I was making a warp using a singles linen, probably 14/1, that I had in my stash. It kept breaking when it went around the end pegs. Actually, I could see that the thread was pulling apart. I figured that the way the spool was standing up on my spool holder was the problem: I was untwisting the yarn so it became enormously weaker. (Truth be told that was ½ of the breaking problem: the yarn was old.)
Notice the diagonal lines in the yarn and the toilet paper. They are all going in the same direction. That direction is called Z because it is the same direction as the diagonal part of the letter Z. I assume my warp thread was probably a Z twist singles.

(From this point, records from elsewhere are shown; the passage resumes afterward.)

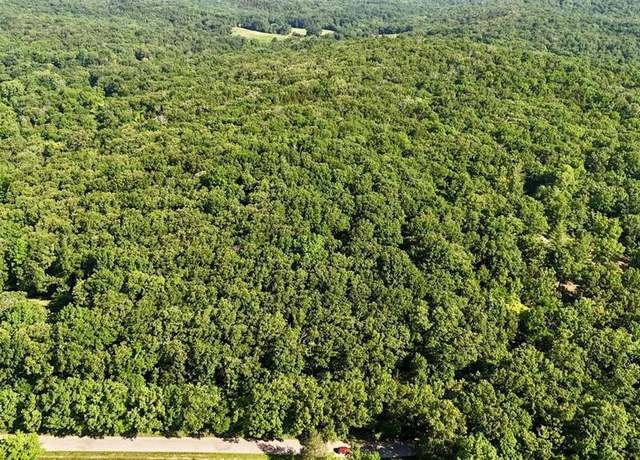 Property at 9923 Koester Springs Rd, French Village, MO 63036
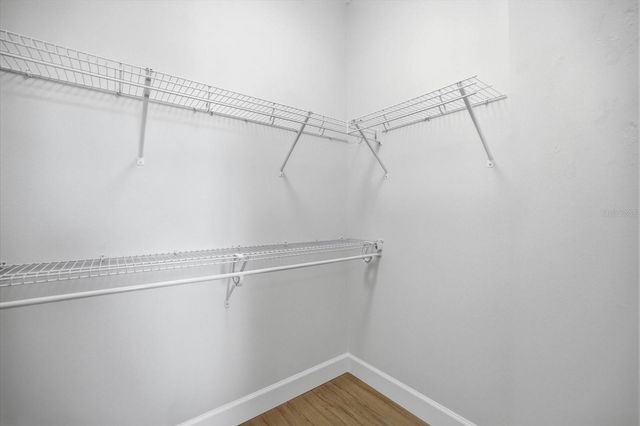 11969 BROOKSIDE DRIVE, Bradenton, FL 34211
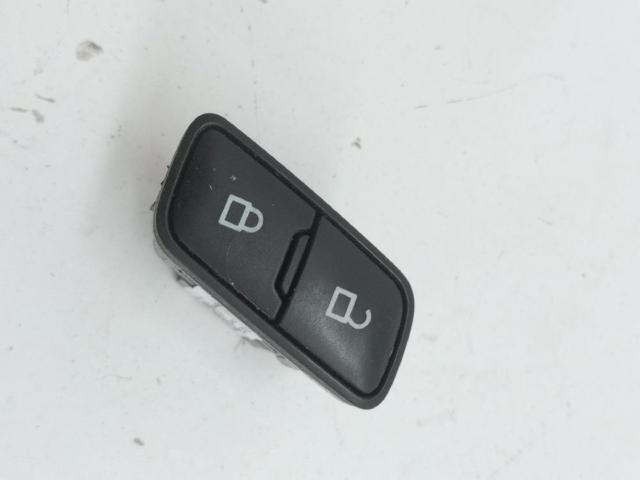 1797719 Ford
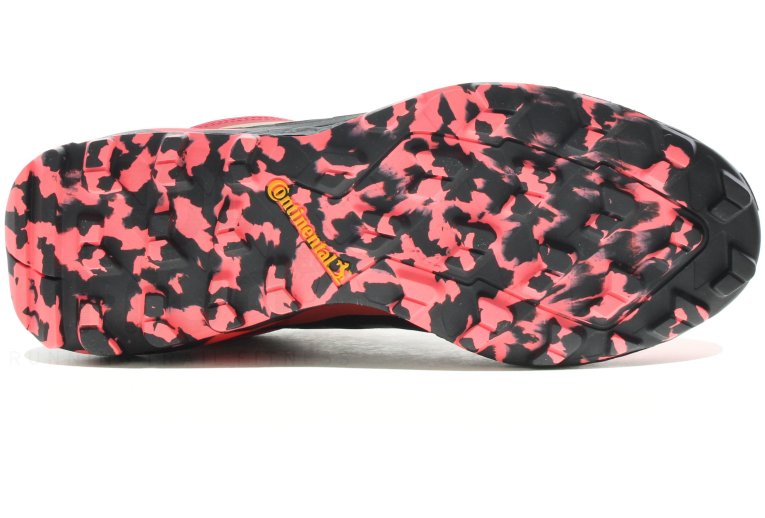 adidas Terrex Skychaser XT Gore-Tex M 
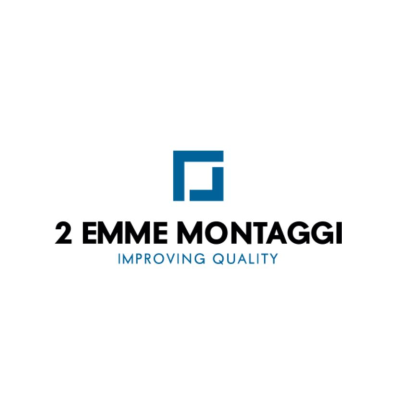 2 Emme Montaggi Logo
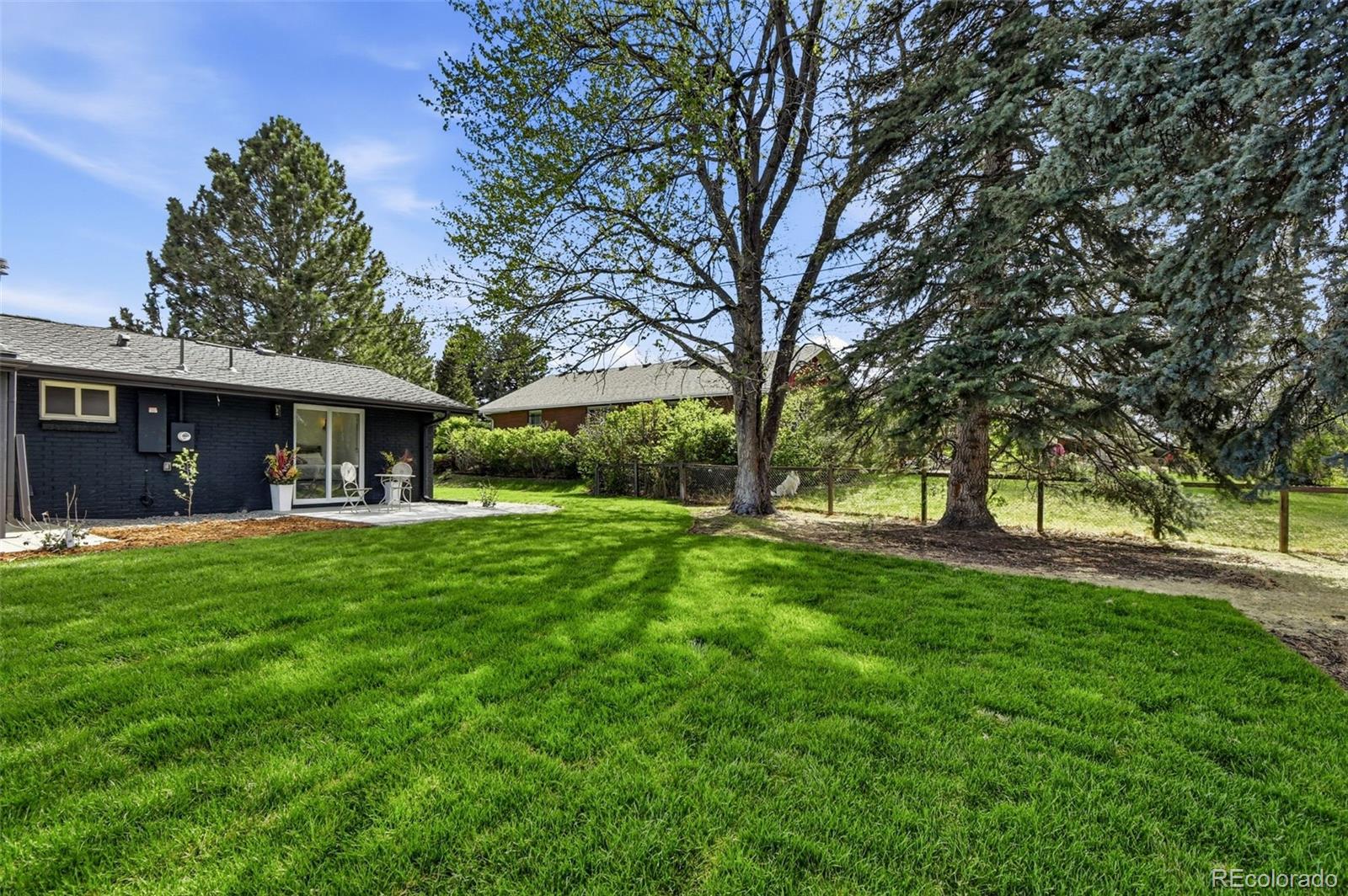 MLS Image #47 for 5031 w quarles drive,littleton, Colorado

I had my spool of yarn on the spool holder this way which was untwisting my yarn and causing it to break. It was set so the yarn was UNTWISTING as it came off the spool. This diagram shows the twist of the yarn in the opposite direction: we say S. That is because the diagonal lines are the same diagonal as the diagonal in the letter S.
I turned my spool end-for-end so then twist was ADDED which made the yarn stronger instead of weaker and the breakage stopped. (However, it didn’t make it strong enough to overcome the old age and the yarns broke instantly when I began to beam the warp! It all had to be thrown out!!)
At times you do not want to add or subtract any twist. Then you take the yarn off a spool on its side!
You can add S or Z twist when you unwind yarn from the end of a spool. When the yarn, as seen from the end of the spool moves in a counter-clockwise direction as it unwinds from the spool, Z twist is added. By turning the spool end-for-end, the yarn will move in a clockwise direction as it unwinds, adding S twist to it. (This option is not available with cones which are made to stand only one way up.) To understand S & Z twist read more in my chapter on shuttles in my book mentioned in the introduction.
Repeating the principle: which end of a spool the yarn come off from dictates the direction of the twist put into the yarn—because the yarn is coming off the end. Take the yarn off a spool on its side and no twist will be added or subtracted.
You can add or subtract twist not only by how you wind a pirn, but also by which end of the spool of yarn you take the yarn off. For consistent cloth you want the wefts to be totally consistent as to twist. However, a novelty cloth can be woven using different twists: depending on how you put a pirn on the winder or stand up a spool of yarn.